Table 1 Basic characteristics of adult patients with allied disorders of Hirschsprung’s disease.
Basic characteristic
Data (n = 53)
Age (yr)
48.8 ± 14.3
Onset age (yr)
42.8 ± 17.9
Hospitalization days
14.0 (10.0, 21.0)
Sex (n, %)
Male
18 (34.0)
Female
35 (66.0)
Blood type (n, %)
A
10 (18.9)
B
17 (32.1)
AB
6 (11.3)
O
19 (35.8)
Unknown
1 (1.9)
All surgical history (n, %)
25 (47.2)
Abdominal
18 (34.2)
Non-abdominal
7 (13.2)
Smoking (n, %)
Yes
5 (9.4)
No
48 (90.6)
Drinking (n, %)
Yes
2 (3.8)
No
51 (96.2)
Enteroscopy (n, %)
Abnormality
5 (9.4)
Non-abnormality
11 (20.8)
Unexamined
37 (69.8)
Barium enema (n, %)
Intestinal dilation
17 (32.1)
No abnormality
5 (9.4)
Unexamined
31 (58.5)
Clinical information
Among the 53 patients enrolled, 43 (81.1%) were either wrongly diagnosed or treated upon the first ED admission. On average, 17 mo passed from the first ED visit before arriving at the final diagnosis. The clinical information is presented in Figure 2. Notably, patients with < 1-year symptom duration were the most common. Furthermore, before a correct diagnosis was formulated, most patients were treated conservatively (i.e., medication, fasting, gastrointestinal decompression, or enema therapy). A total of 30 patients (56.6%) had a history of admission for abdominal symptoms; 22 cases were treated conservatively and 8 underwent enterectomy, including 3 cases who underwent bowel resection surgery twice in other hospitals. The transverse colon (73.6%) was the most involved dilated intestinal segment, while one case had no dilatations in the bowel. Abdominal pain, abdominal distension, constipation, and bowel obstruction were relatively common. Surprisingly, vomiting, weight loss, diarrhea, and abdominal mass were also found. Subtotal colectomy and total colectomy were the most common procedures, done in 42 cases (79.2%). Concomitant treatments mainly involved maintaining electrolyte balance, regulating intestinal flora, and symptomatic treatment. Postoperative complications were mainly bowel obstruction and infection.

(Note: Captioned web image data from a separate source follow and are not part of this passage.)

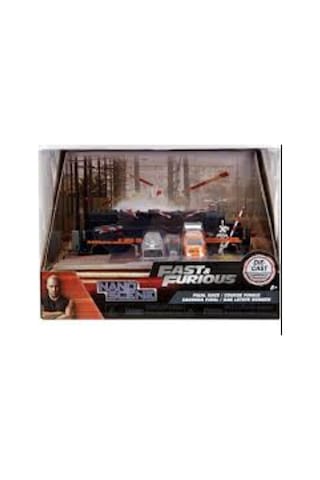 Fast & Furious Final Race Nano Scene Diorama Set Supra & Charger Koleksiyon Model - Renk: Çok Renkli Siyah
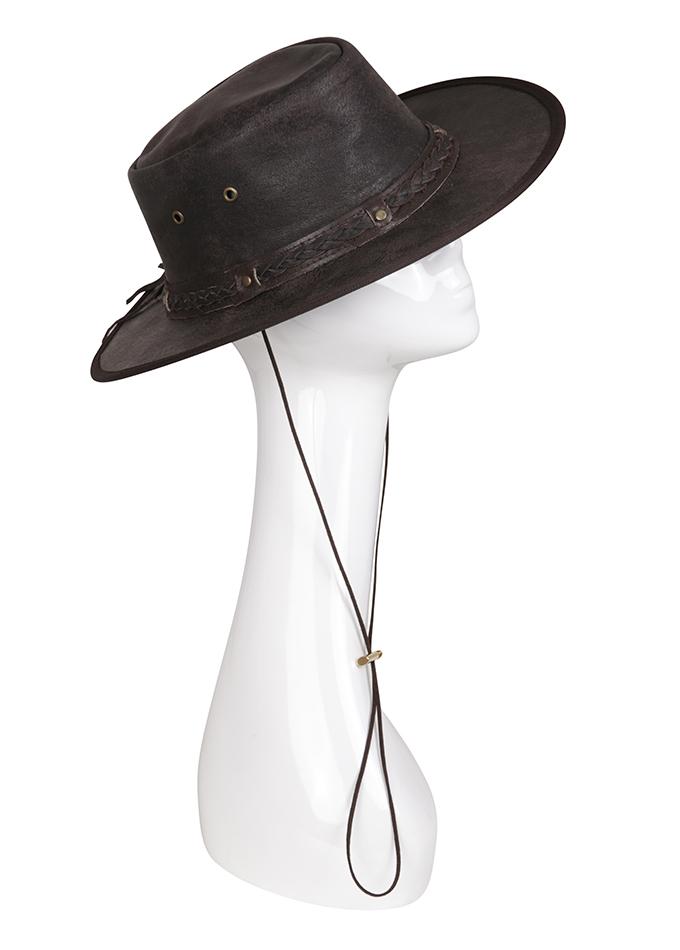 Dark brown outback hat with toggle chin strap on mannequin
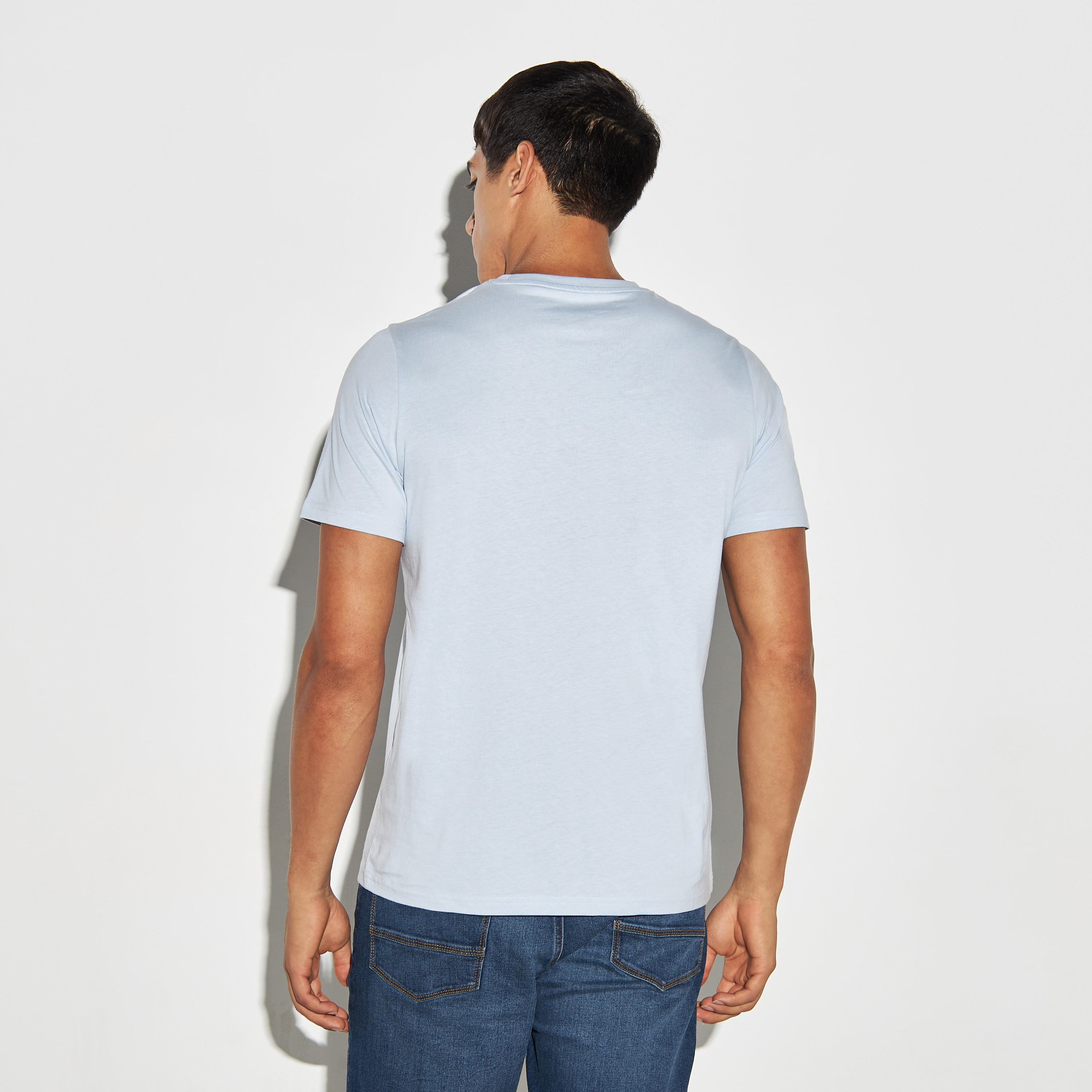 Solid Crew Neck T-shirt with Short Sleeves-men-clothing-tshirtsandpolos-tshirts-image-3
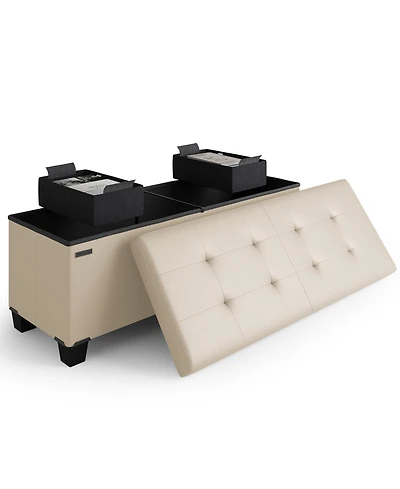 Nestl 43 Inch Leatherette or Fabric Finish Ottoman Storage Bench with Bins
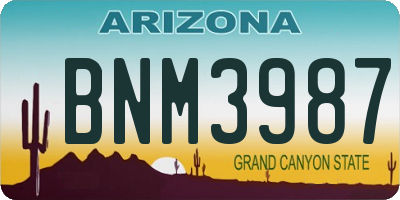 AZ license plate BNM3987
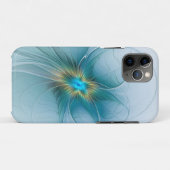 Little Beauty Modern Blue Gold Fraktal Blume Case-Mate iPhone Hülle (Rückseite (Horizontal))
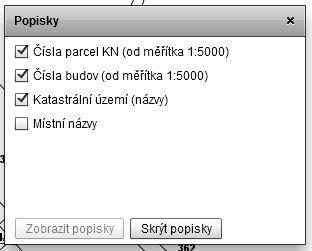 Popisky v mapě U každé mapové vrstvy je přednastaveno jaké popisy se mají zobrazovat a mohou se zapínat či vypínat podle potřeby.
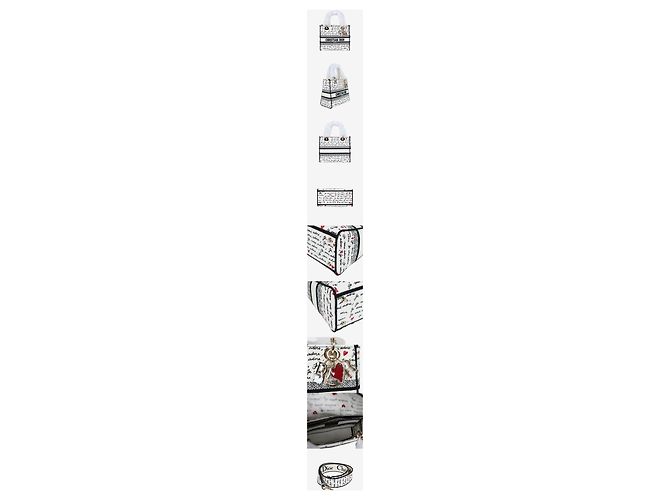 Dior Borsa Tote Lady Delight Medium White Multi Bianco - vista 2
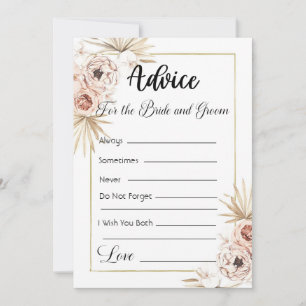 Invitation Conseils pour les mariés fleurs séchées Or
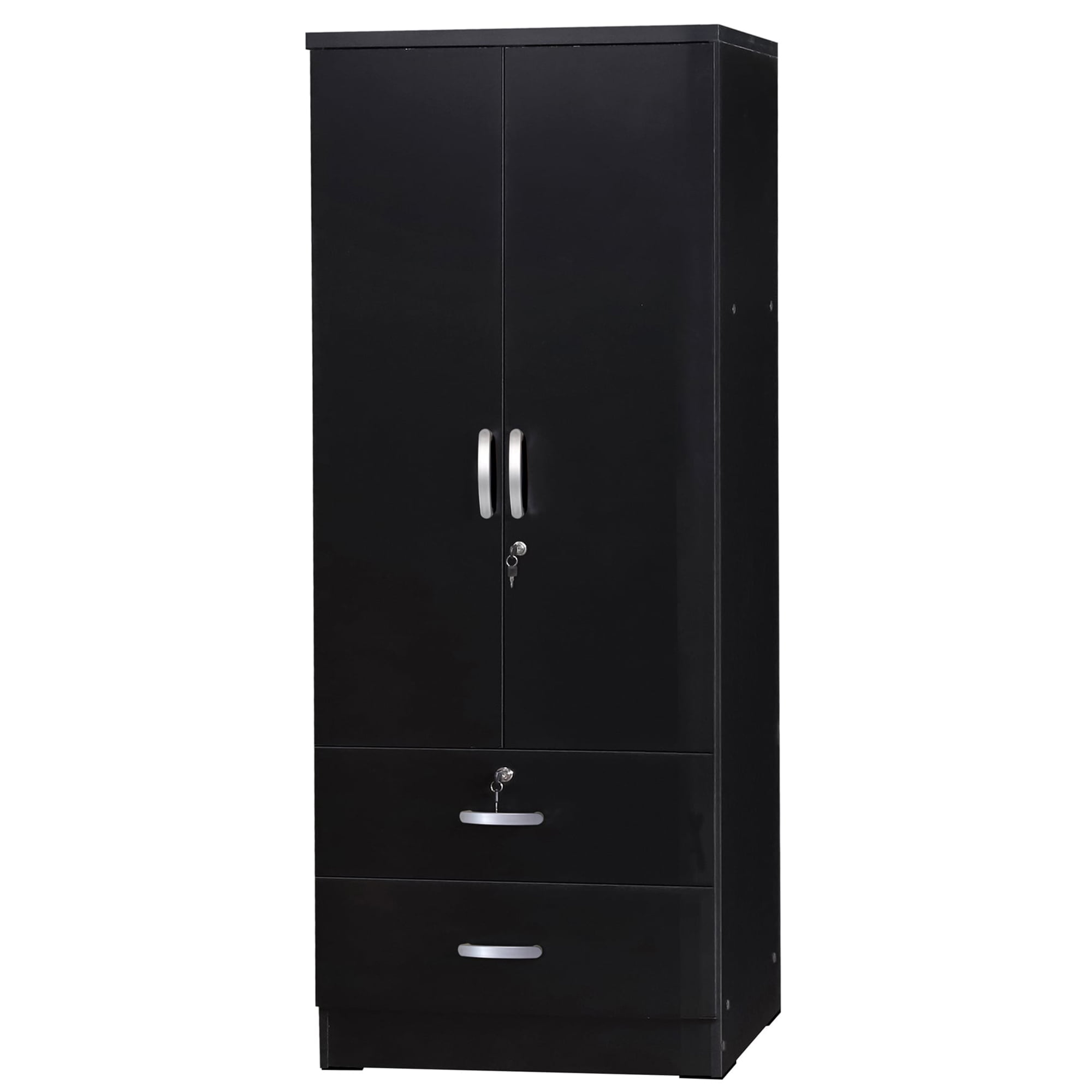 Better Home Products Grace Wood 2 Door Wardrobe Armoire with 2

Figure 2 Clinical information of adult patients with allied disorders of Hirschsprung’s disease.
A: Symptoms duration; B: Treatment received before admission; C: Intestinal dilation parts; D: Clinical manifestations; E: Surgery procedures; F: Postoperative complications.
Radiographic images and pathological sections
Typical radiographic images obtained from three cases are shown in Figure 3. Patient A was a 70-year-old man with chief complaints of intractable constipation, abdominal distension, and abdominal pain for 1 mo. Abdominal CT showed significant dilatation of gas in the colon (Figure 3A), whereas BE showed a dilated sigmoid colon and barium retention in the sigmoid colon and rectum (Figure 3D). Patient B was a 51-year-old man with intermittent lower abdominal pain and no defecation for 1 mo. Abdominal CT showed a dilated colon with a large amount of fecal content (Figure 3B), while BE showed a dilated middle and upper rectum and a narrow lower rectum (Figure 3E). Patient C was a 22-year-old girl with paroxysmal abdominal pain around the umbilicus and severe constipation for 2 mo. She was the only case that had marked narrowing of the intestinal lumen on enteroscopy. Abdominal CT showed that the whole colon was obviously distensible with gas accumulation and fecal retention (Figure 3C), while enteroscopy revealed significant narrowing of the intestine 40 cm from the anus, which could not be further examined (Figure 3F). The pathological sections of the normal intestinal ganglion and of the resected bowel of ADHD patients (hematoxylin-eosin staining) are shown in Figure 4, respectively. In Figure 4A, the black arrows indicate normal ganglion cells. In Figure 4B, the black arrow indicates the degenerated ganglion cell. The proliferation of nerve fibers and reduction of ganglion cells were also observed.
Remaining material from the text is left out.